Comer did not explain which environmental sustainability-linked investments would have caused SVB’s failure, or how they would have done so.

The New York Post ran a piece on March 11 detailing some of the ESG programs in which the bank participated:

A head of risk management at Silicon Valley Bank spent considerable time spearheading multiple “woke” LGBTQ+ programs, including a “safe space” for coming-out stories, as the firm raced toward collapse.

Jay Ersapah, the boss of financial risk management at SVB’s UK branch, launched initiatives such as the company’s first month-long Pride campaign and a new blog emphasizing mental health awareness for LGBTQ+ youth.

“The phrase ‘You can’t be what you can’t see’ resonates with me,’” Ersapah was quoted as saying on the company website. …

In addition to instituting SVB’s first “safe space catch-up” — which encouraged employees to share their coming-out stories — and serving on LGBTQ+ panels around the world, Ersapah spent time over the last year serving as a director for diversity role models and volunteering as a mentor for migrant leaders. …

On Saturday, Home Depot co-founder Bernie Marcus insinuated that “woke” policies like the ones launched by Ersapah could have led to SVB’s dramatic failure. …

“These banks are badly run because everybody is focused on diversity and all of the woke issues and not concentrating on the one thing they should, which is, shareholder returns,” Marcus said.

“Instead of protecting the shareholders and their employees, they are more concerned about the social policies. And I think it’s probably a badly run bank.

“They’ve been there for a lot of years. It’s pathetic that so many people lost money that won’t get it back.”


Strive Asset Management CIO questions the role of ESG in SVB’s failure

Matt Cole, the chief investment officer and global head of fixed income at the post-ESG investment firm Strive Asset Management, pushed back against those who blamed ESG for SVB’s collapse. Cole wrote that “[t]here probably isn’t an investor with a more defined bearish view on the cost of Stakeholder Capitalism/ESG on equity returns than myself,” but he questioned the claims that ESG caused the bank’s failure:

The SVB failure had about as much to do with ESG/Stakeholder Capitalism as ESG/Stakeholder Capitalism has to do with making money – nothing….

SVB was caught up in the ESG game, but were about average with respect to the banking sector as a whole based on ESG ratings. The too big to fail banks are all significantly worse with respects to ESG. SVB stood out in taking stupid investment risks, period.


Companies that support ESG underperform, according to WSJ op-ed

The Wall Street Journal ran an op-ed by Mike Edelson and Andy Puzder on March 10 arguing that “corporations that remain neutral on social and political issues outperform companies that lean left.” The two argued the following:

Woke capitalism makes its way into financial markets through an ill-defined concept known as environmental, social and governance investing. Huge investment managers use their ownership of shares to pressure companies to jump on the ESG train. But while individual investors are free to support whatever causes they wish with their dollars, those who invest other peoples’ money have a fiduciary duty to focus solely on clients’ financial interests. Thus it’s important to know whether politically focused companies actually do produce superior financial results.

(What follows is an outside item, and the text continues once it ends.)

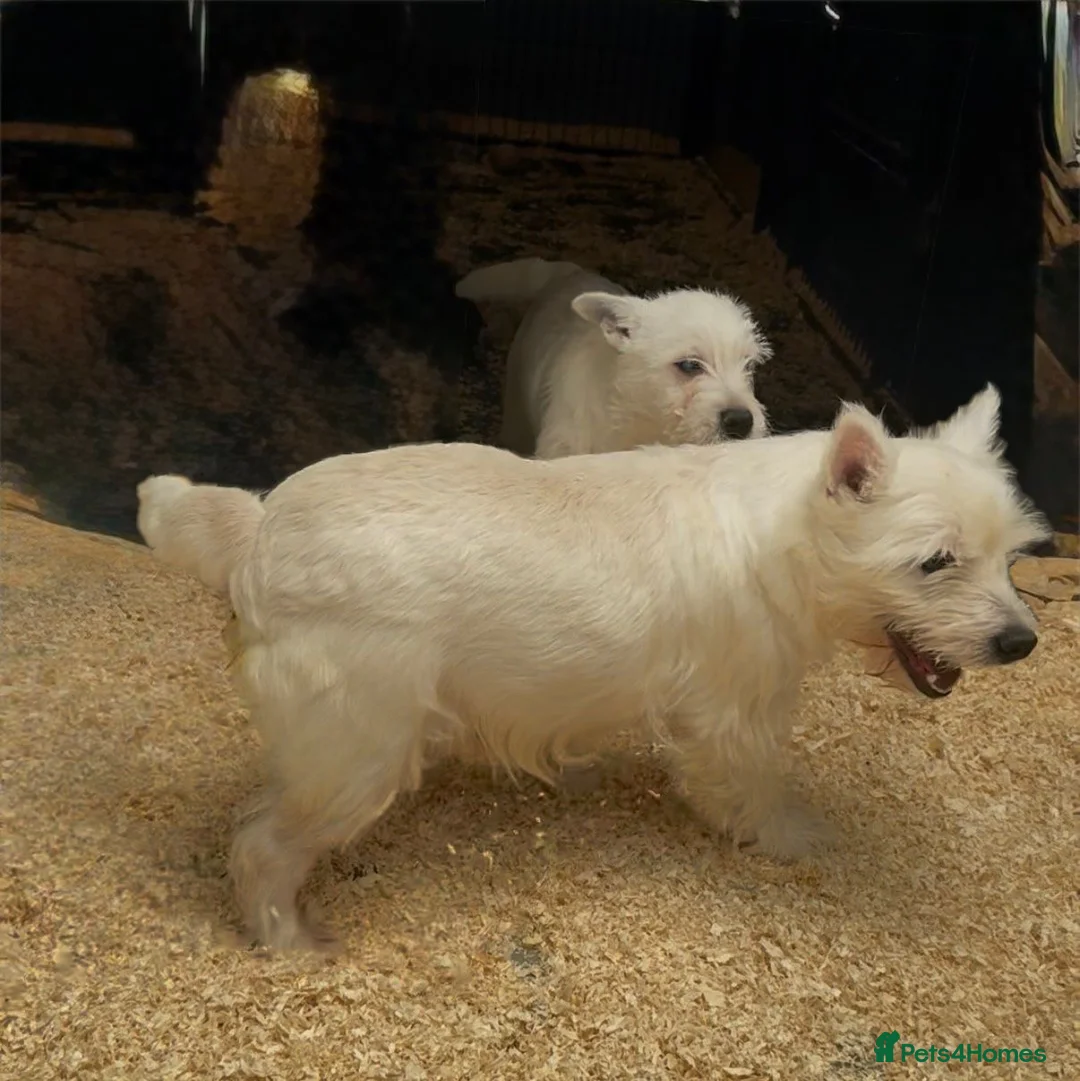 West Highland Terrier dogs for sale: West Highland Terrier boy looking new home - Advert 2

To answer this question, we used research from 2ndVote Analytics Inc., a company that scores U.S. large-cap and midcap companies on their social and political engagement on five-point scale. Analytics evaluates company data on six social/political issues—the environment, education, abortion, Second Amendment rights, other basic constitutional freedoms and support for a safe civil society—and also generates a composite score. Company scores, updated quarterly, range from 1 (most liberal) to 5 (most conservative), with 3 meaning neutral or unengaged.

On average, roughly a quarter (or 221) of the S&P 900 large/mid-cap companies studied scored 3—taking no political or social stance on any of these six issues—during the period from June 30, 2021 (when the data was first available), through Jan. 31, 2023. Of the remaining companies, the political tilt was strongly to the left. More than 59% scored liberal, and under 15% conservative (with only one company higher than 4).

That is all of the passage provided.